Directions: Nothing but the exact text of the entries should appear in your answer; pictures stay out.

Listed records:
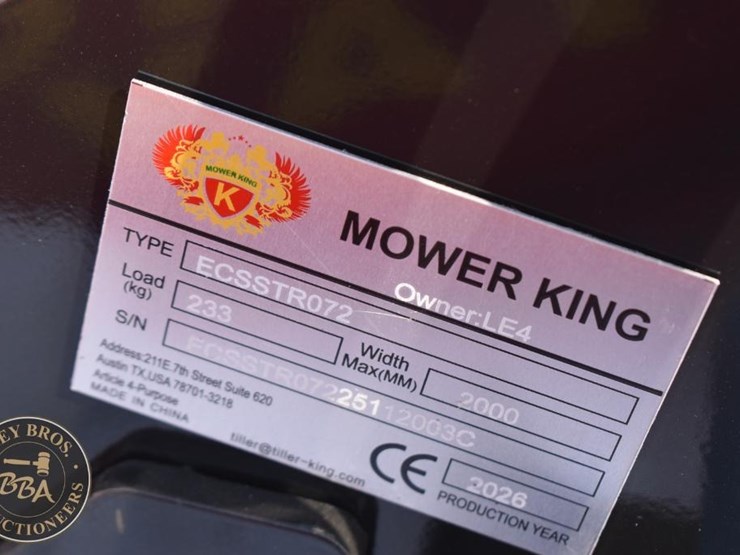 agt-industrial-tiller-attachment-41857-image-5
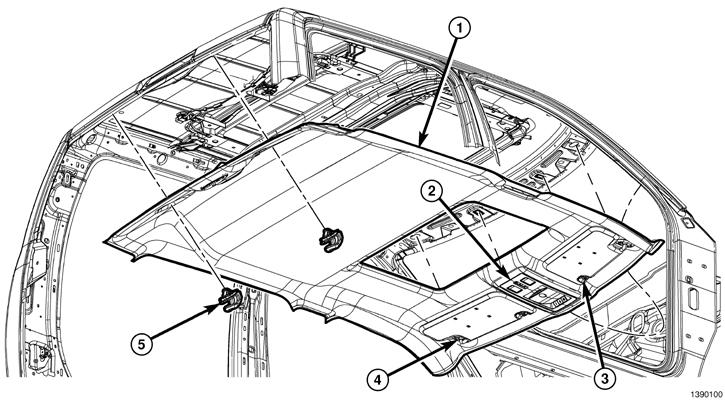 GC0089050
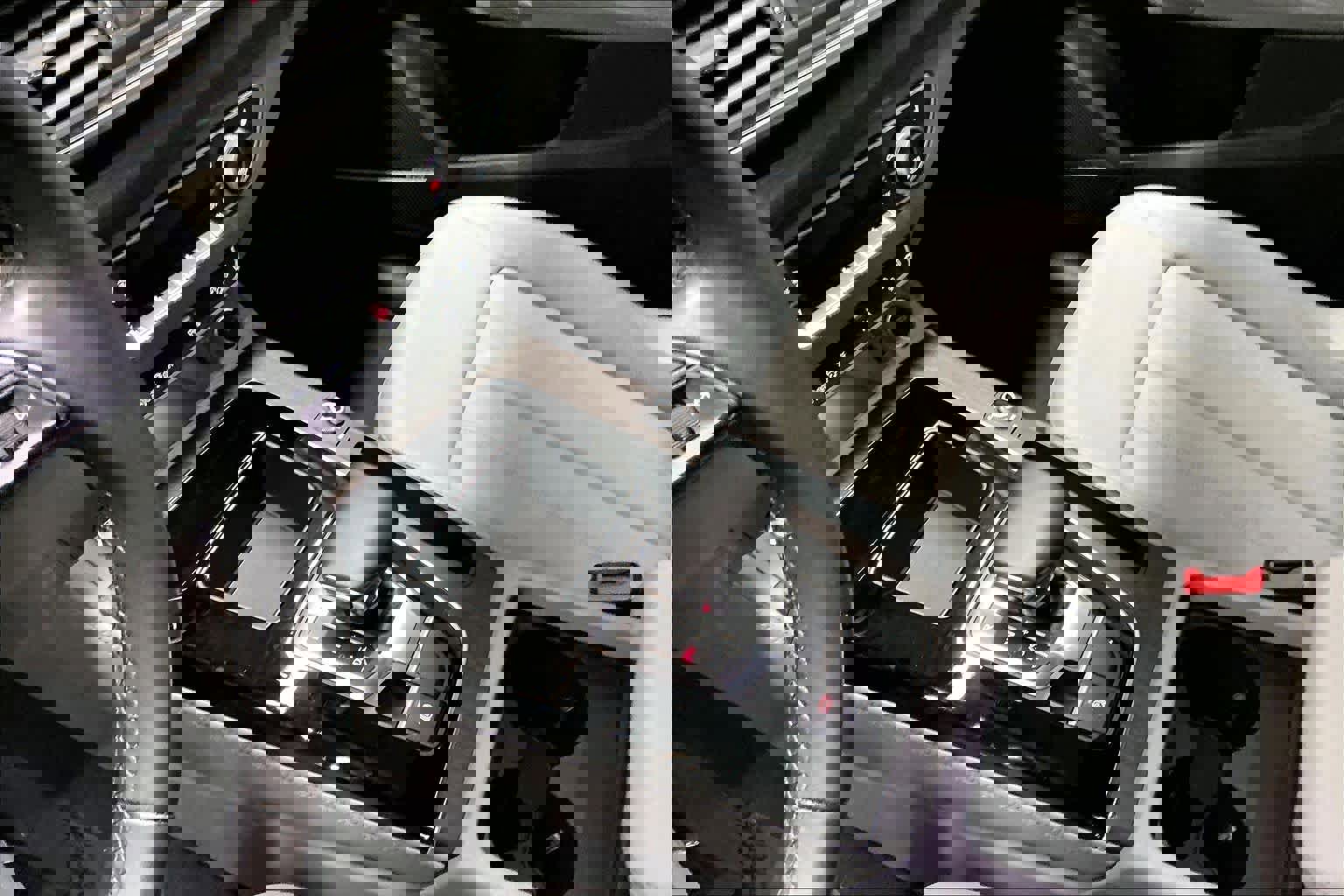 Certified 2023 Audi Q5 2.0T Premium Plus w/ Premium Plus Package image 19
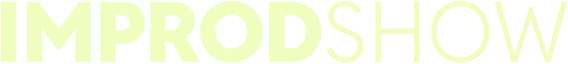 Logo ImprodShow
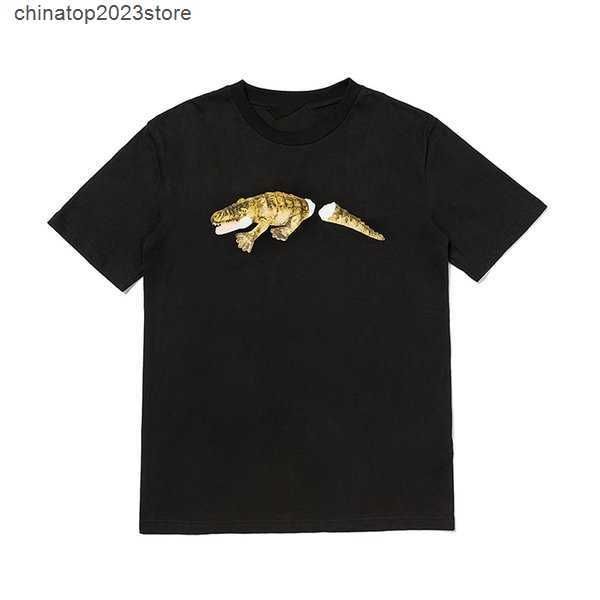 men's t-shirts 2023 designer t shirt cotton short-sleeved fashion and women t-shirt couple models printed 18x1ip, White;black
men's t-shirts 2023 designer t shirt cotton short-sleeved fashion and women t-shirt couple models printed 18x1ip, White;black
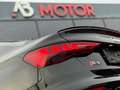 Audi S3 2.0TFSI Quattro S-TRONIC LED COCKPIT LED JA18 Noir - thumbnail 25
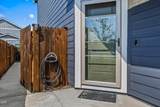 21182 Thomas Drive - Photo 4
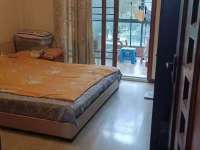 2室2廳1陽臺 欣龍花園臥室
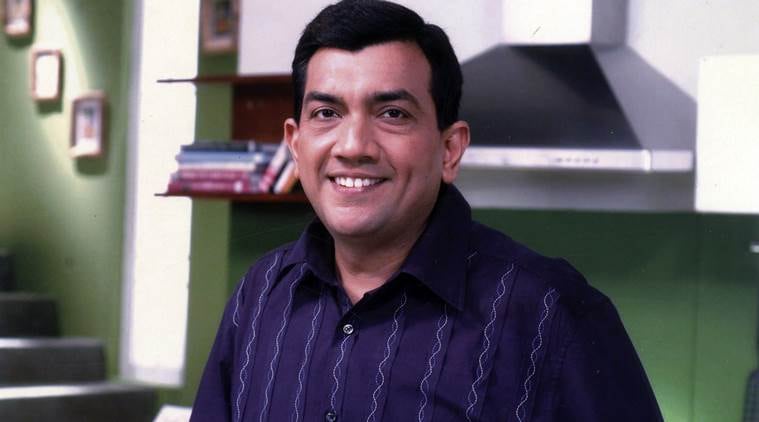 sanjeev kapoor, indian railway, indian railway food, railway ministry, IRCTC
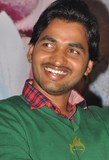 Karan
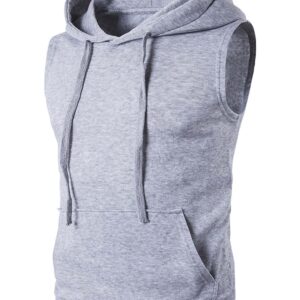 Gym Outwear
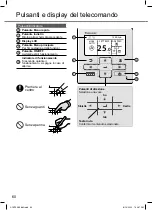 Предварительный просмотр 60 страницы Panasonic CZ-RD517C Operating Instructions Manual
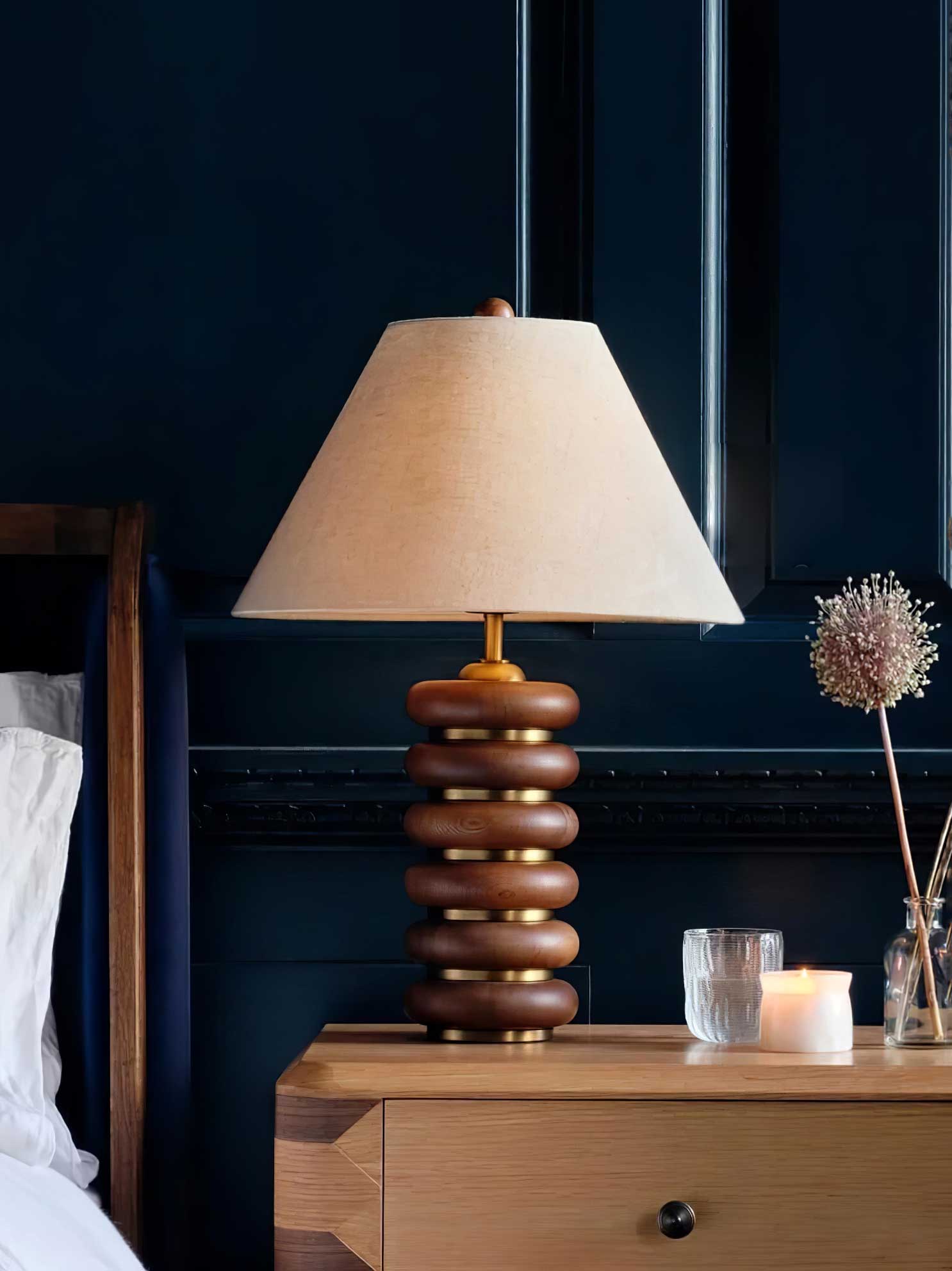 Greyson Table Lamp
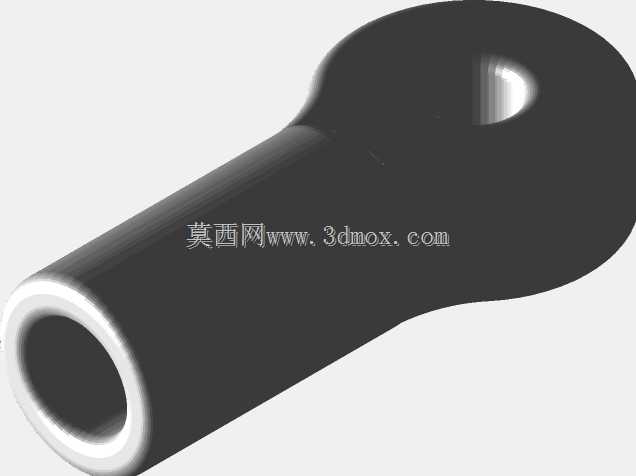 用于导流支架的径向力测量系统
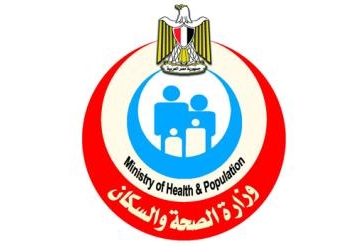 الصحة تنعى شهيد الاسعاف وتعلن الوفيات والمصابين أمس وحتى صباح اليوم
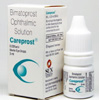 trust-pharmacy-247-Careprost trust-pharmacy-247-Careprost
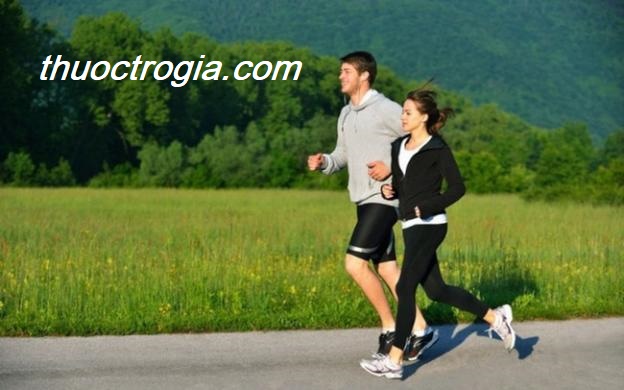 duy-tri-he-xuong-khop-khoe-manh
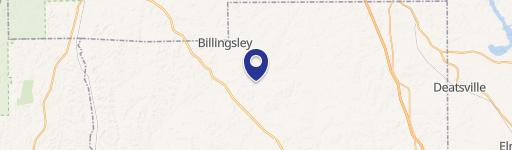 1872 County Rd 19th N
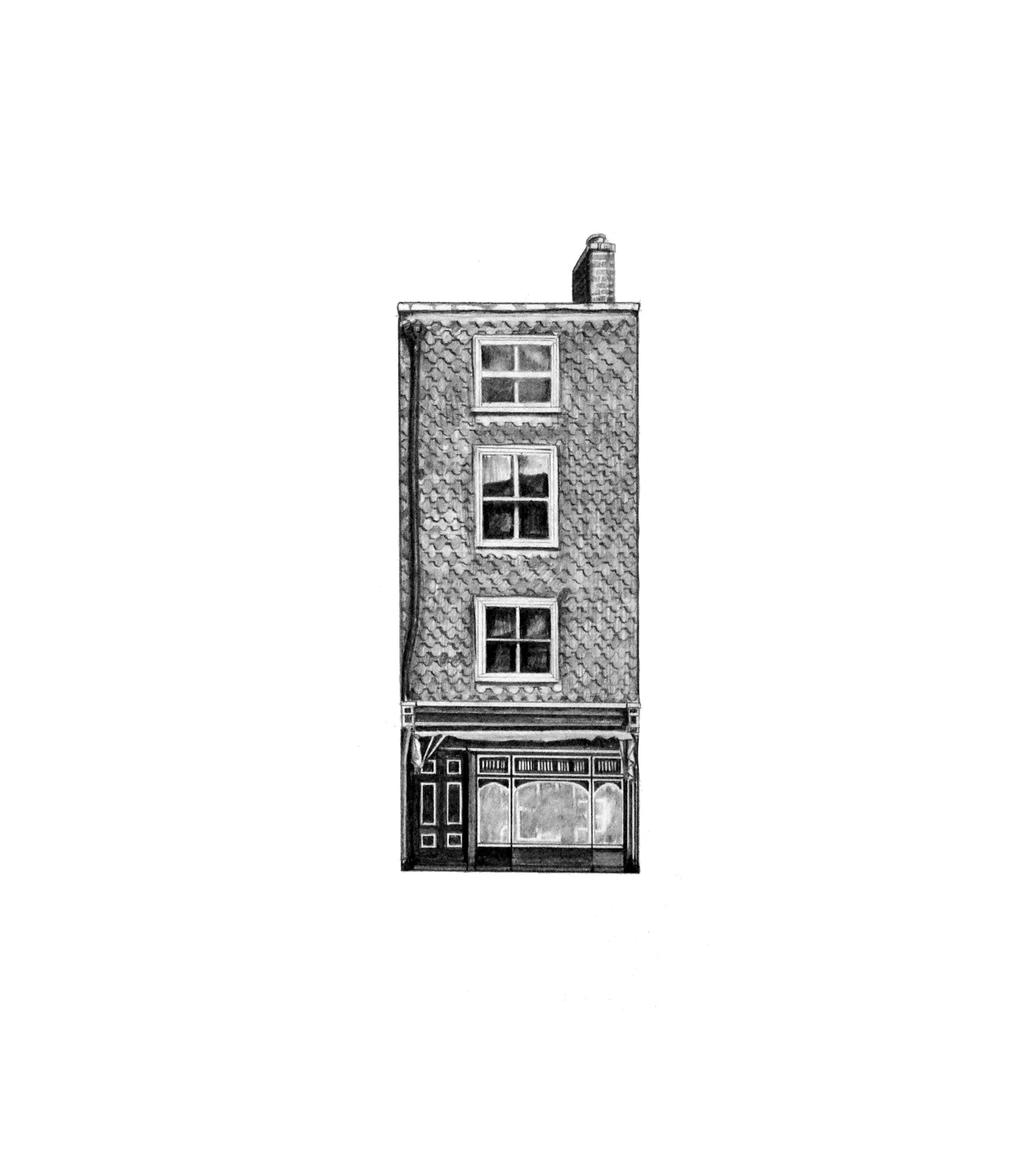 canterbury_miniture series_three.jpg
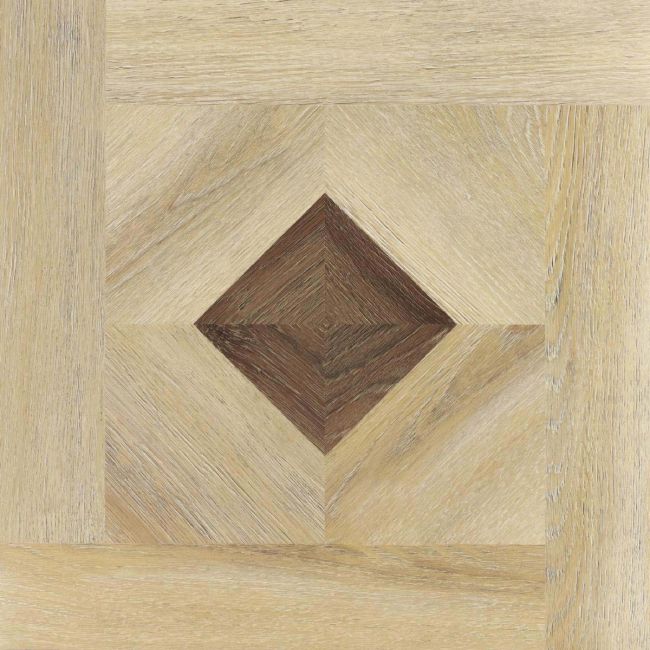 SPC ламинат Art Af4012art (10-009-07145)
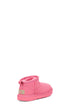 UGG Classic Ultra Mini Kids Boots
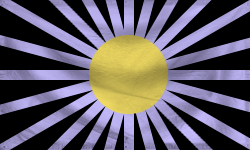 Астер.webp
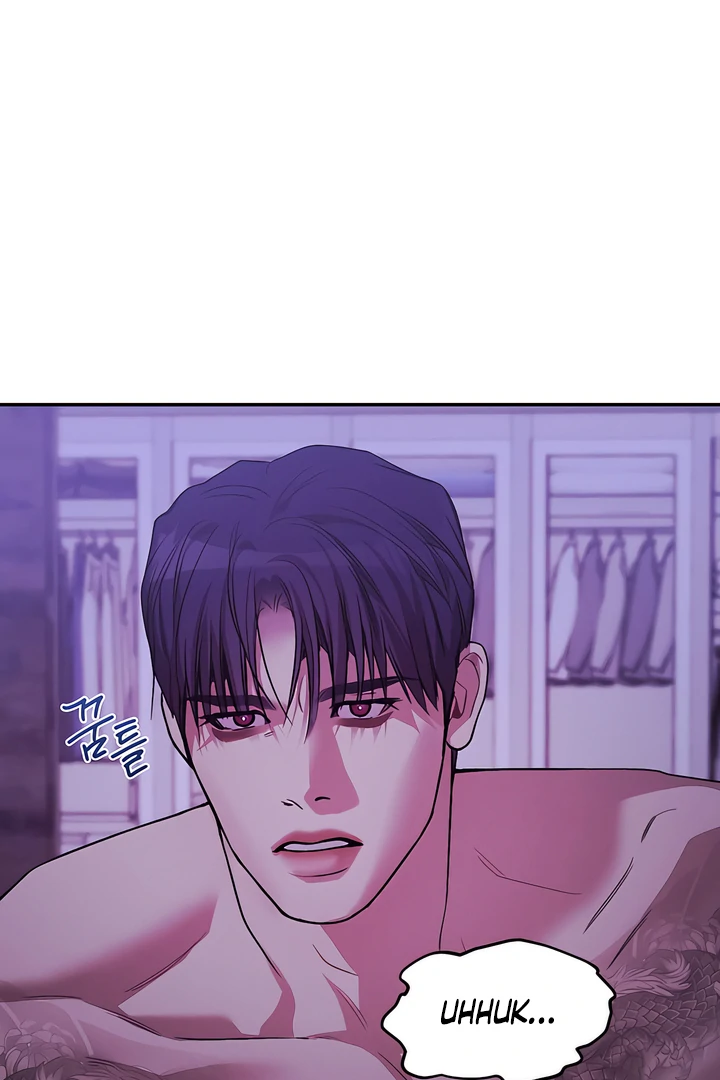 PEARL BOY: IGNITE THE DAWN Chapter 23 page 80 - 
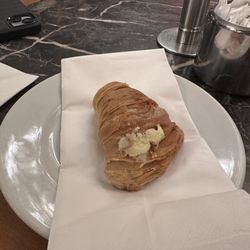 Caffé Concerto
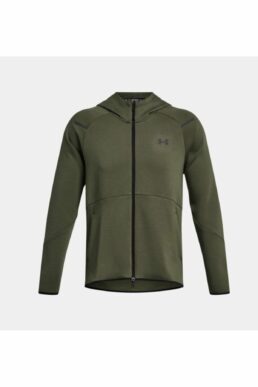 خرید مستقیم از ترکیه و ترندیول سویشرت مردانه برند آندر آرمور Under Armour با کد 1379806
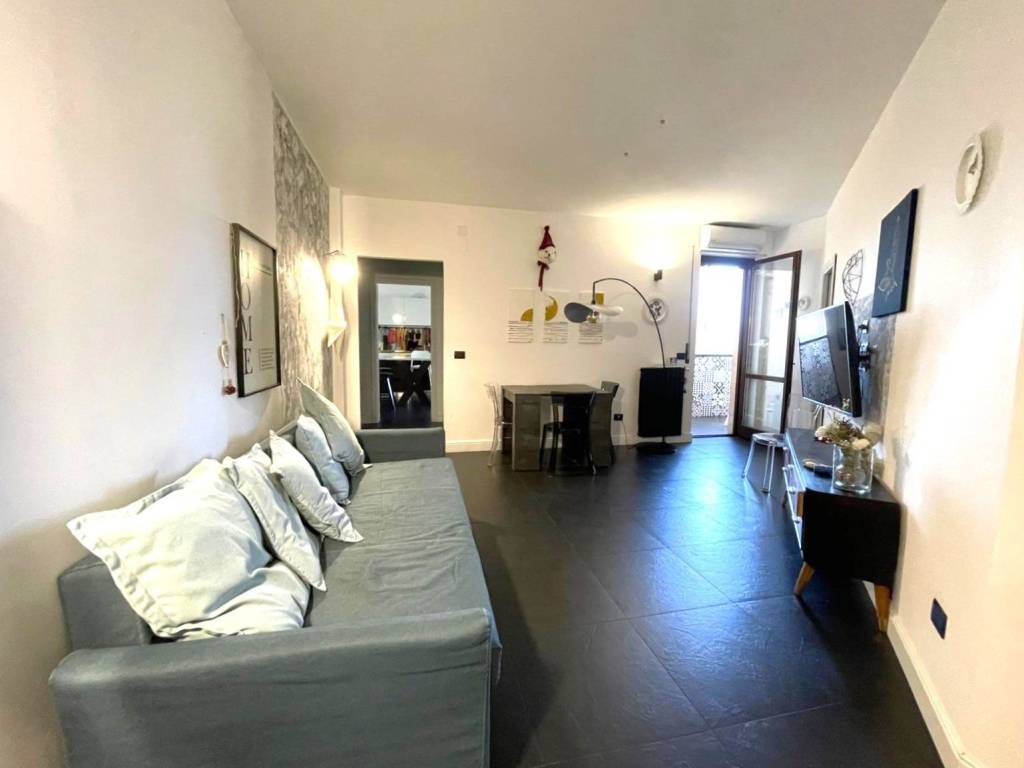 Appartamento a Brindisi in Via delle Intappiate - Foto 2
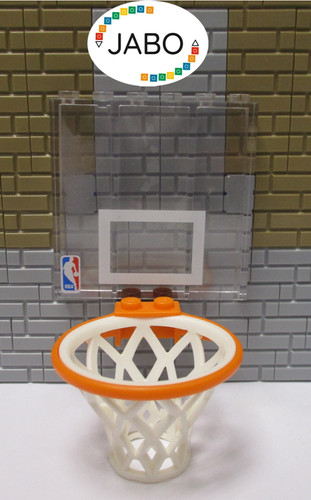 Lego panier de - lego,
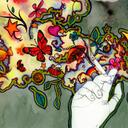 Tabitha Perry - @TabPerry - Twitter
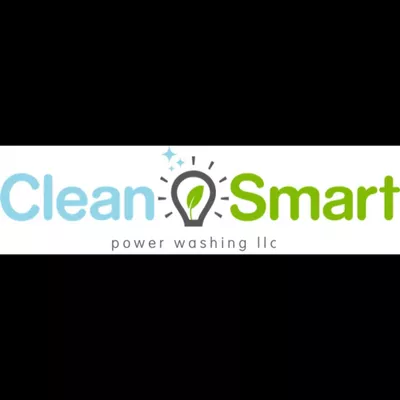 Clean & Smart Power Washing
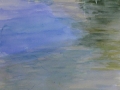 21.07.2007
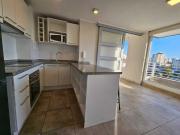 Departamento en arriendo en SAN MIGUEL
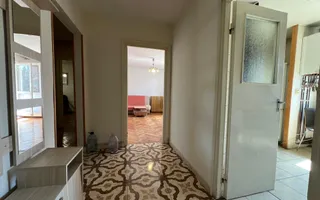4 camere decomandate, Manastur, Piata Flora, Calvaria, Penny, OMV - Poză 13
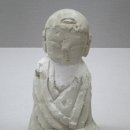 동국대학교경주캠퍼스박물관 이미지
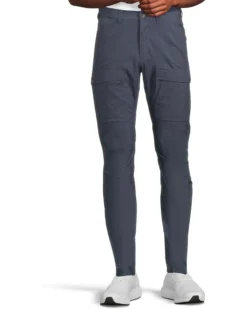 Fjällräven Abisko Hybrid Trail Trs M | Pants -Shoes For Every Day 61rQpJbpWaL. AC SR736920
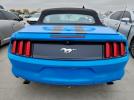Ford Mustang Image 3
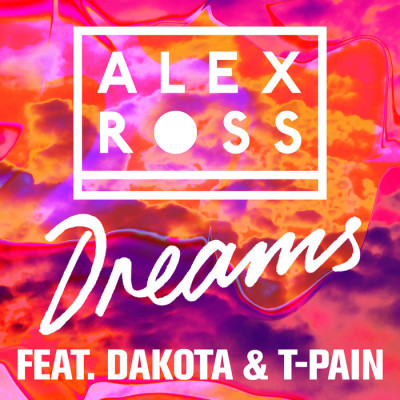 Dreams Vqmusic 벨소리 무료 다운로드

Finished task:
 agt-industrial-tiller-attachment-41857-image-5
 GC0089050
 Certified 2023 Audi Q5 2.0T Premium Plus w/ Premium Plus Package image 19
 Logo ImprodShow
 men's t-shirts 2023 designer t shirt cotton short-sleeved fashion and women t-shirt couple models printed 18x1ip, White;black
men's t-shirts 2023 designer t shirt cotton short-sleeved fashion and women t-shirt couple models printed 18x1ip, White;black
 Audi S3 2.0TFSI Quattro S-TRONIC LED COCKPIT LED JA18 Noir - thumbnail 25
 21182 Thomas Drive - Photo 4
 2室2廳1陽臺 欣龍花園臥室
 sanjeev kapoor, indian railway, indian railway food, railway ministry, IRCTC
 Karan
 Gym Outwear
 Предварительный просмотр 60 страницы Panasonic CZ-RD517C Operating Instructions Manual
 Greyson Table Lamp
 用于导流支架的径向力测量系统
 الصحة تنعى شهيد الاسعاف وتعلن الوفيات والمصابين أمس وحتى صباح اليوم
 trust-pharmacy-247-Careprost trust-pharmacy-247-Careprost
 duy-tri-he-xuong-khop-khoe-manh
 1872 County Rd 19th N
 canterbury_miniture series_three.jpg
 SPC ламинат Art Af4012art (10-009-07145)
 UGG Classic Ultra Mini Kids Boots
 Астер.webp
 PEARL BOY: IGNITE THE DAWN Chapter 23 page 80 - 
 Caffé Concerto
 خرید مستقیم از ترکیه و ترندیول سویشرت مردانه برند آندر آرمور Under Armour با کد 1379806
 Appartamento a Brindisi in Via delle Intappiate - Foto 2
 Lego panier de - lego,
 Tabitha Perry - @TabPerry - Twitter
 Clean & Smart Power Washing
 21.07.2007
 Departamento en arriendo en SAN MIGUEL
4 camere decomandate, Manastur, Piata Flora, Calvaria, Penny, OMV - Poză 13
 동국대학교경주캠퍼스박물관 이미지
 Fjällräven Abisko Hybrid Trail Trs M | Pants -Shoes For Every Day 61rQpJbpWaL. AC SR736920
Ford Mustang Image 3
 Dreams Vqmusic 벨소리 무료 다운로드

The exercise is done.